Paulo Teixeira, Orlando Silva e Maria do Socorro: ala anti-Dilma do PMDB terminou o ano com menos força do que começou

São Paulo – O sonho do presidente da Câmara, Eduardo Cunha (PMDB-RJ), e do vice-presidente da República, Michel Temer (PMDB-SP), de ver um “divórcio” entre seu partido e o governo Dilma Rousseff não deve se concretizar, pelo menos segundo avaliação de deputados da base governista e da cientista política Maria do Socorro Sousa Braga, da Universidade Federal de São Carlos.

A história do cada vez mais segmentado PMDB não autoriza prever, a não ser como hipótese, que a legenda decida abandonar em bloco o barco do governo no período até 2018. O partido, considerado fundamental para a chamada governabilidade, é hoje o maior do Congresso Nacional, com 68 deputados e 18 senadores. O PT vem em segundo lugar, com 59 deputados e 13 senadores, seguido do PSDB (53 e 11, respectivamente).

“Isso não vai acontecer. O PMDB não é uma entidade unitária. Há vários PMDBs, como sempre aconteceu. O PMDB nunca esteve unido em nossos governos, Lula e Dilma. Uma parte do PMDB está conosco, e uma parte contra nós, e vai continuar assim”, diz o deputado Paulo Teixeira (PT-SP).

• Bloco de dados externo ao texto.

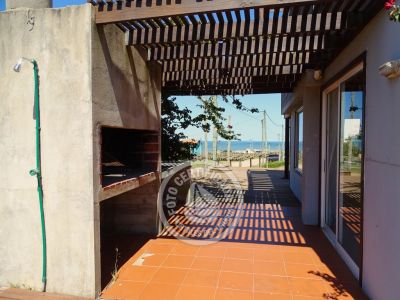 Casa Buena Vista del Diablo - 1 Punta del Diablo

“O PMDB está hoje como sempre esteve: a divisão do partido em 2015 não é exatamente uma novidade, é um dado da vida brasileira desde 1985”, afirma o deputado Orlando Silva (PCdoB-SP). “Quando o presidente da República era peemedebista (Tancredo Neves e José Sarney, em 1985), o PMDB já era dividido. Basta ver o resultado eleitoral do dr. Ulysses (Guimarães) em 1989, que foi a maior liderança do PMDB em todos os tempos”, lembra o deputado (na eleição de 1989, Ulysses obteve irrisórios 4,73% e ficou num melancólico sétimo lugar).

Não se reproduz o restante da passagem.